DIRECTIONS —
Transcribe the records below exactly as they appear, omitting any pictures.

DATA SHOWN —
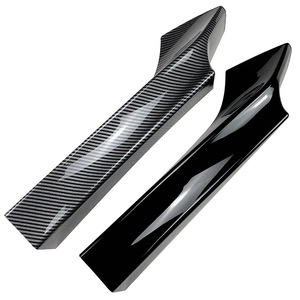 Bmw 2 Series F22 F23 Front Lip Splitter Carbon Fiber Texture Piano Black 2015-2019 M Sport Style - Product Image 5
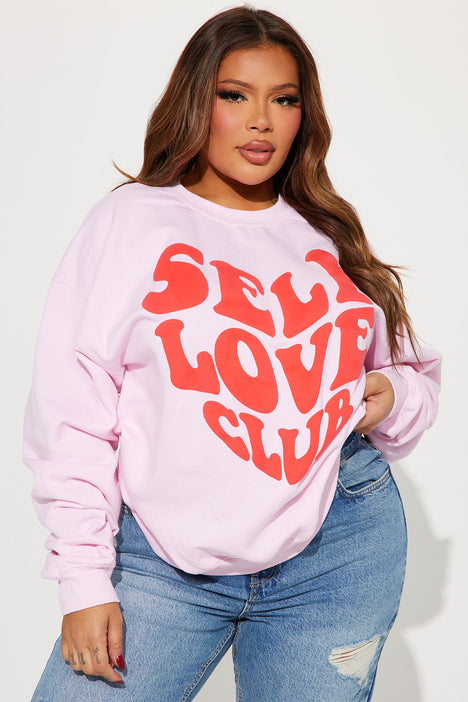 Love sales pink sweatshirt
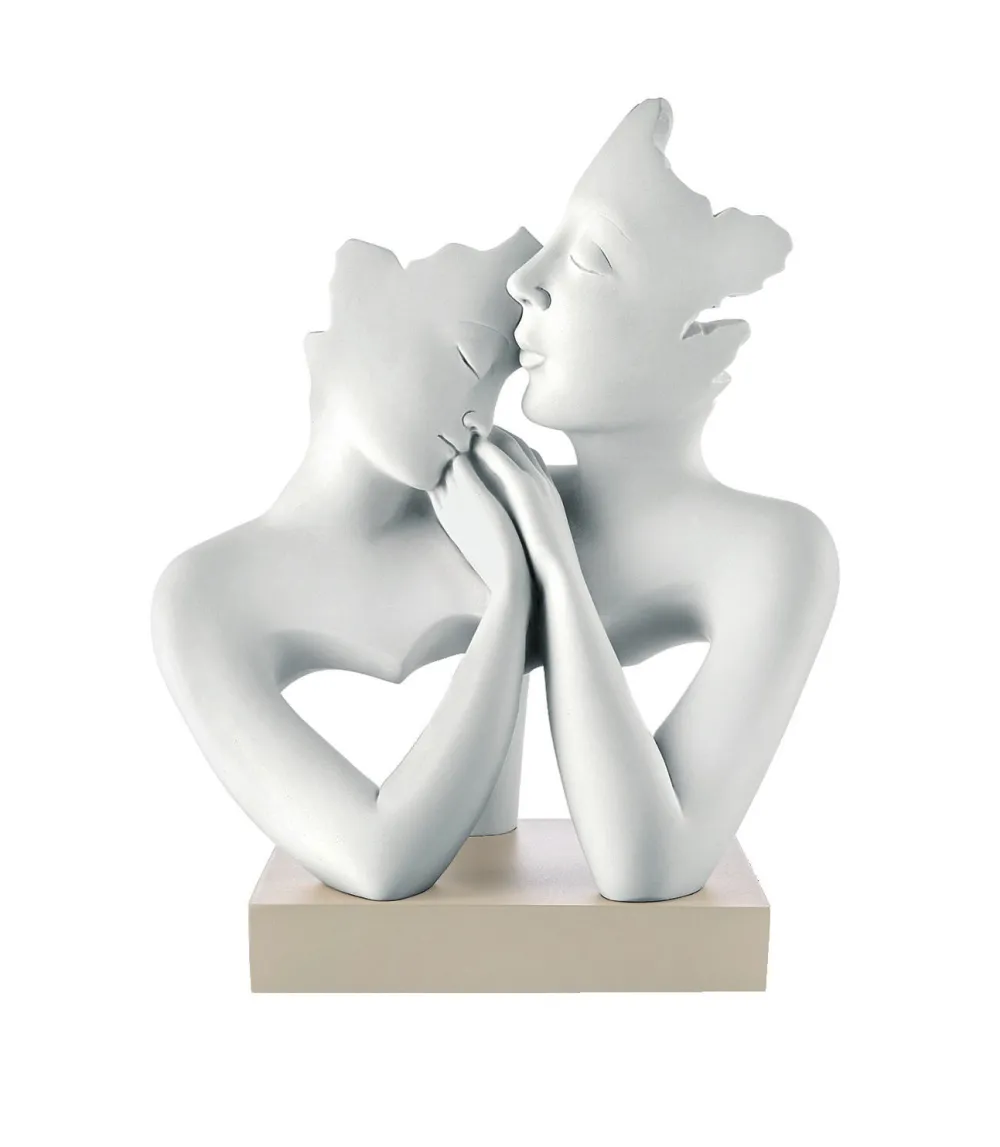 Soprammobili Moderni-Bongelli Preziosi Bomboniera matrimonio scultura famiglia nocciola stilizzata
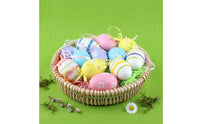 Easy to Paint Paintable Easter Egg Paintable Plastic Eggs Shatterproof Plastic Decorative Egg Lightweight for Children, Parties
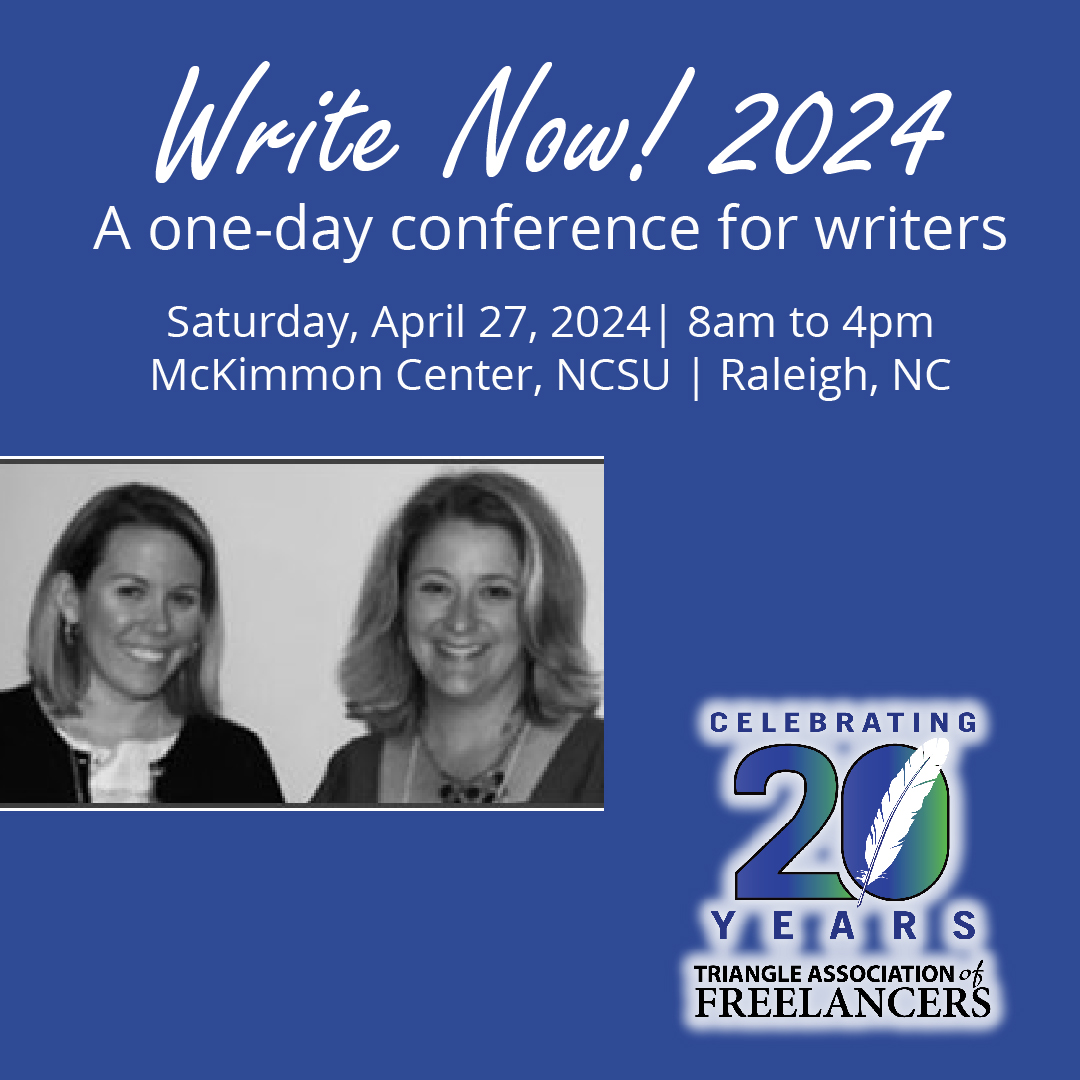 Register today for Write Now! 2024, hosted by TAF at [link]. Register early (Feb 1 - March 31) and receive a gift along with a ticket to attend. General registration will be $109 from 2/1-3/31 and $119 from 4/1 to 4/25.#TAFWriteNow2024 #TAFNC_Celebrating20Years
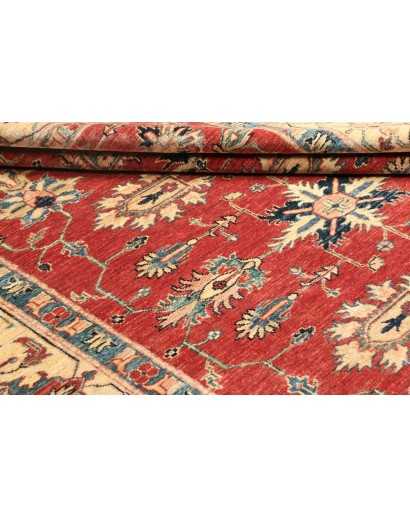 Tappeto Kazak Fine Pakistan marrone giallo 178x237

REPLY TO THE EXERCISE —
 Bmw 2 Series F22 F23 Front Lip Splitter Carbon Fiber Texture Piano Black 2015-2019 M Sport Style - Product Image 5
 Love sales pink sweatshirt
 Soprammobili Moderni-Bongelli Preziosi Bomboniera matrimonio scultura famiglia nocciola stilizzata
 Easy to Paint Paintable Easter Egg Paintable Plastic Eggs Shatterproof Plastic Decorative Egg Lightweight for Children, Parties
 Register today for Write Now! 2024, hosted by TAF at [link]. Register early (Feb 1 - March 31) and receive a gift along with a ticket to attend. General registration will be $109 from 2/1-3/31 and $119 from 4/1 to 4/25.#TAFWriteNow2024 #TAFNC_Celebrating20Years
 Tappeto Kazak Fine Pakistan marrone giallo 178x237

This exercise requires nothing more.